What you have to do: Beginning with the line containing "红盘 港交所陈翊庭: 正在处理的上市申请超过200宗" and going on through the line containing "Los bolivianos eligen", the lines below are to be returned exactly, pictures excluded and nothing added.

Extracted records:
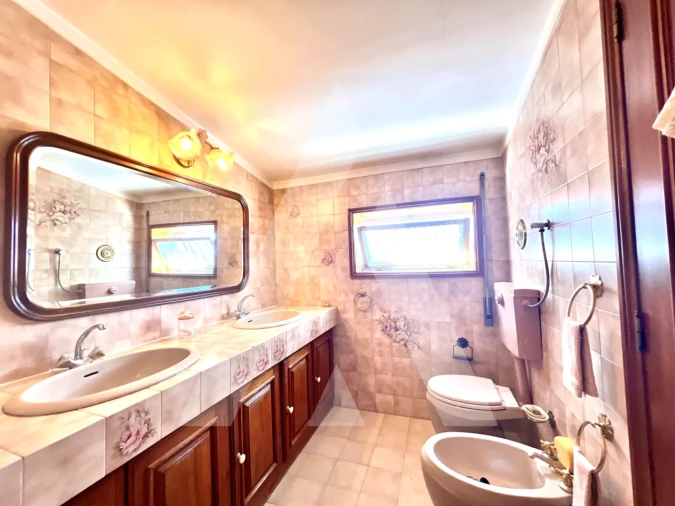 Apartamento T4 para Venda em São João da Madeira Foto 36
==
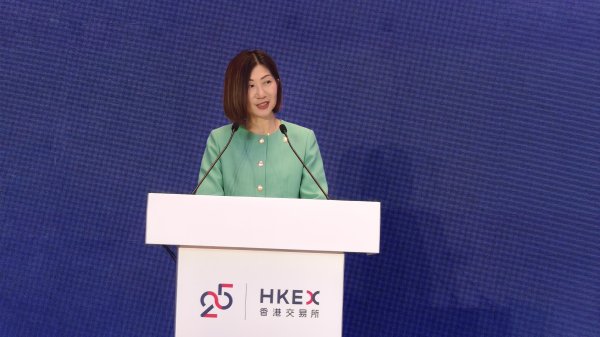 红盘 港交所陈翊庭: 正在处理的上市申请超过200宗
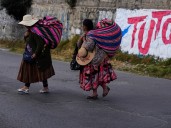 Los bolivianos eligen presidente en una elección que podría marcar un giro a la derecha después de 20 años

Expected answer:
 红盘 港交所陈翊庭: 正在处理的上市申请超过200宗
 Los bolivianos eligen presidente en una elección que podría marcar un giro a la derecha después de 20 años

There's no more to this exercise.